Spirit or Breath, Ghost or Wind?
At lunch today I started reading “Voicing the Vision” by Linda L. Clader, and I had an interesting insight. My insight didn’t have much at all to do with her topic of homiletics, but I mention her book on principle since I like to give authors credit in all circumstances.
Anyway…. The sentence that kicked off my insight was this: “And the Spirit acts and moves and energizes on its own, in ways that…..”
I’ve lately been thinking a lot about the Holy Spirit, in particular the mis-translation of the Latin word “spiritus” as “spirit.” Both the Greek word “pneuma” and the Latin word “spiritus” mean “breath” or “wind” or “a moving force”. The Latin word for “ghost” is “larva” and the Greek word for it is “fantasma.” The original Hebrew word for God’s Holy Spirit is “ruach.” One of the Jewish Names-of-God is “Ruach HaKodesh” which literally means “wind (or “breath”) of the Holy One.
So, this unexpectedly popped into my head: In meditation we often focus on the breath.
Suddenly, I realized that the breath that moves through me is also God’s breath. It shook me, and I sat up and inhaled, the way you do when you have a moment like that…. and then I laughed, because that inhale was also breath.
At that moment, I imagined sitting on my cushion and experiencing my breath and God’s breath as one and the same thing. It stopped me cold, and I wish I could explain how profound and noumenal that suspended moment was, as it expanded in and through me.

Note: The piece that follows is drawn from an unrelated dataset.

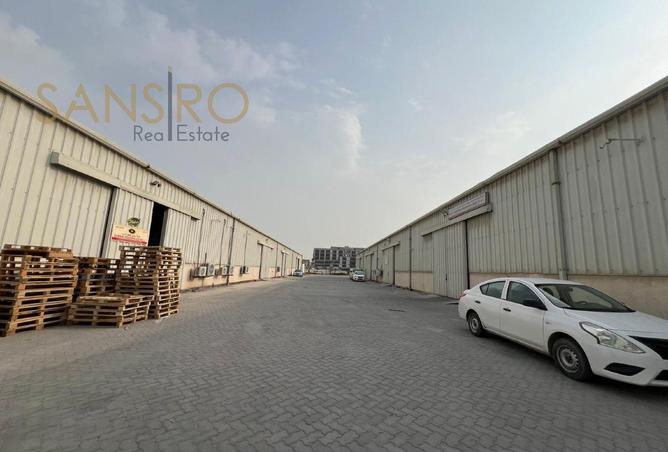 985120 - Property Image 2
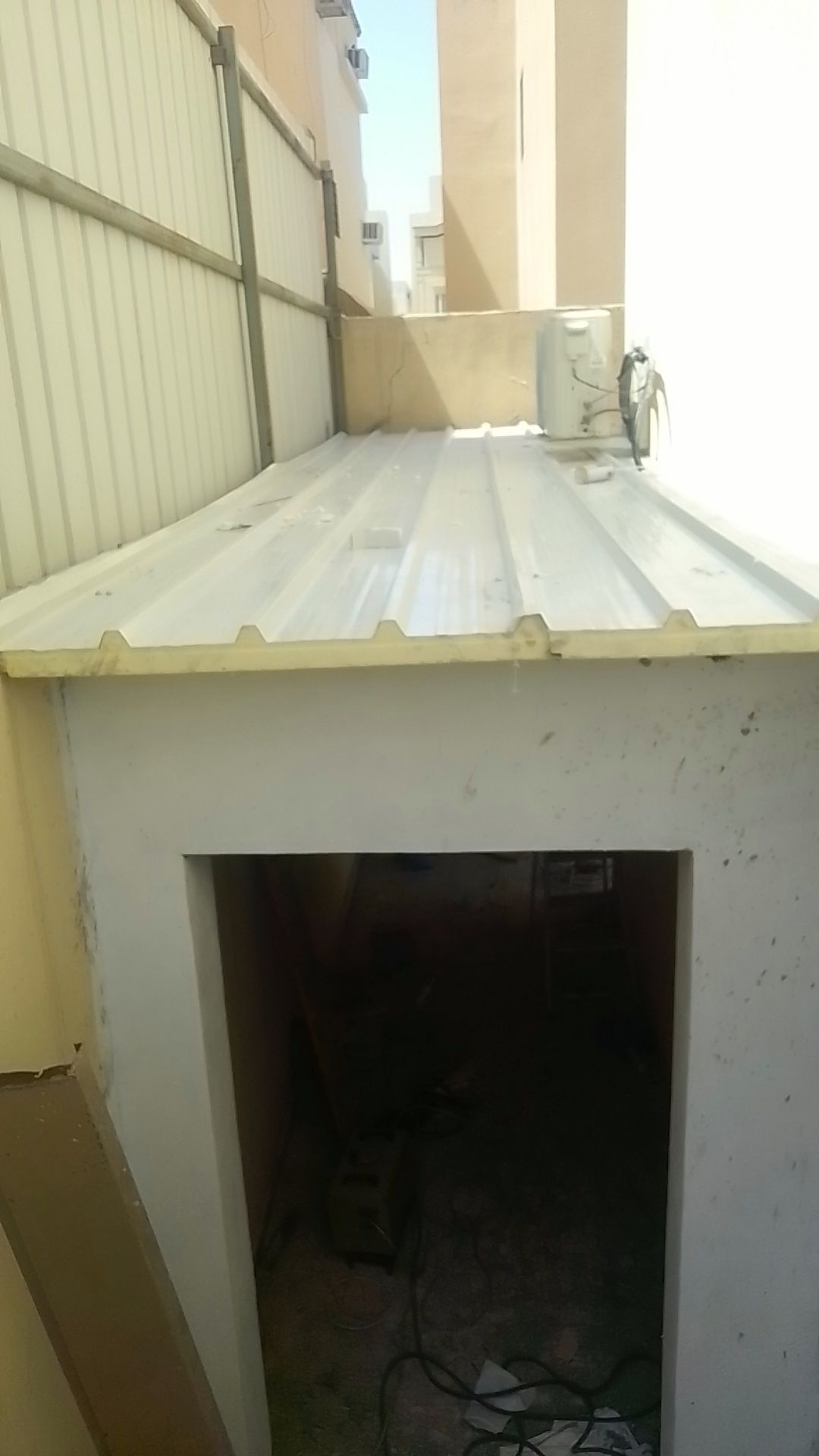 ساندويش بانل وترميم مباني ومظلات وسواتر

God is the life-breath of all Creation.
It’s the wind off of the hilltops on an autumn day—
of vivid sun, and of trees all the colors of flame.
It’s a silent breeze on a hot night—
of distant crickets, whose creaking barely shakes the air.
It’s a warmth lying next to me in the dark—
of my dog whuffling and twitching in her sleep.
It’s a long, strong upswell and slow drop—
of the Source breathing through all beings, all on its own.
It’s the Great Wide, opening on every side—
of me; of you; of All That Is, Seen and Unseen.